没办法,谁让红楼梦里的主要人物中,就袭人比较像个坏人呢。我们小时候看电影,第一件事是确定好坏人,然后才能确定自己的情绪跟着哪一方走,谁没有一点惩恶扬善的豪情壮志呢?只是平日里没有这个机会,看电影的时候,在心里为好人捏一把汗,对坏人恨之入骨,小手不自觉地握紧,眼中盈满泪水,心脏蹿到了嗓子眼里,直到坏人遭殃,好人出头,方才觉得神清气爽,完成了一次道德消费。
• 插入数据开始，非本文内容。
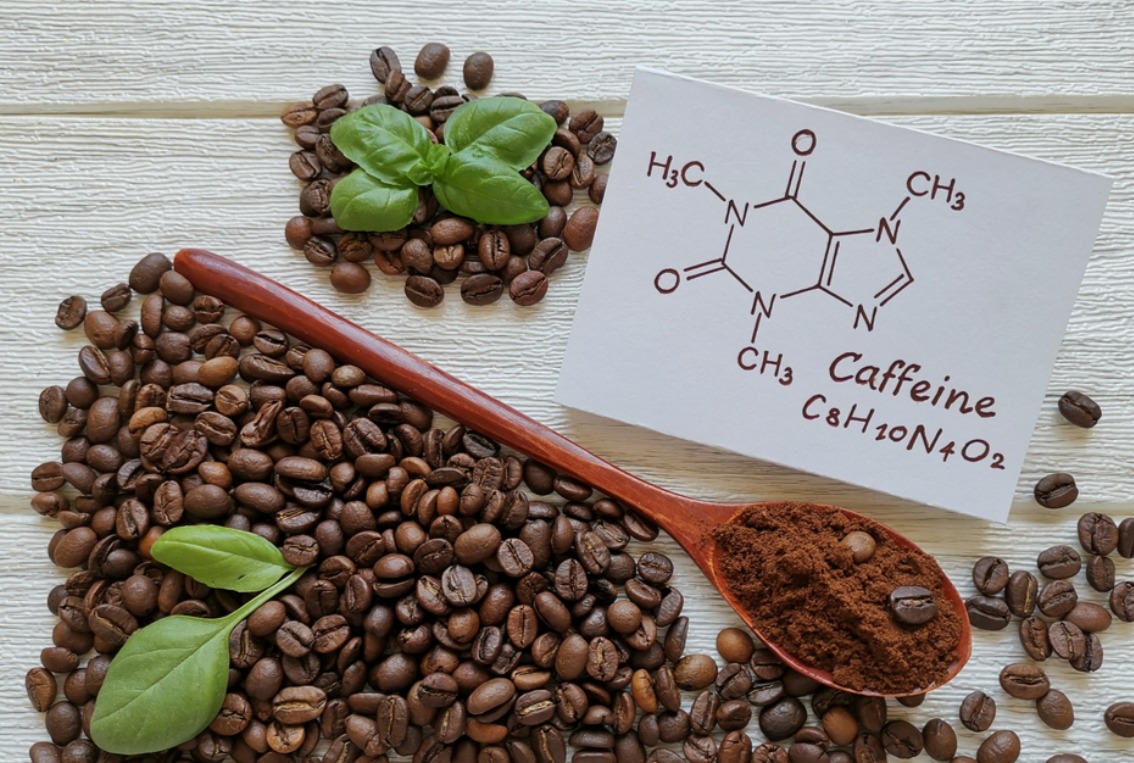 Kh&ocirc;ng n&ecirc;n phụ thu&ocirc;̣c vào thực ph&acirc;̉m chứa caffein trong giai đoạn &ocirc;n thi.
长大之后,情况要复杂一点,那份憎爱分明的情怀,自己知道不算,还想告知世人,少不得要找个人做靶子,对这个人的讨伐越严苛,就越能证明自己那不为人知的高风亮节,讨伐名目的升级与翻新,则能证明自己不但品质高尚,而且见识不凡,这种对个人的刻意证明,使得很多人成了口舌之下的牺牲品,远到红楼梦里的花袭人,近到网络上被"扒皮"的名人,最突出的是那些年轻的超级女声们,众人的道德诉求,把一场普通的选秀变成了谍影重重的"金枝玉孽",在对"恶"的攻击和对"善"的庇护中,形成了宏大到令人惊愕的声势。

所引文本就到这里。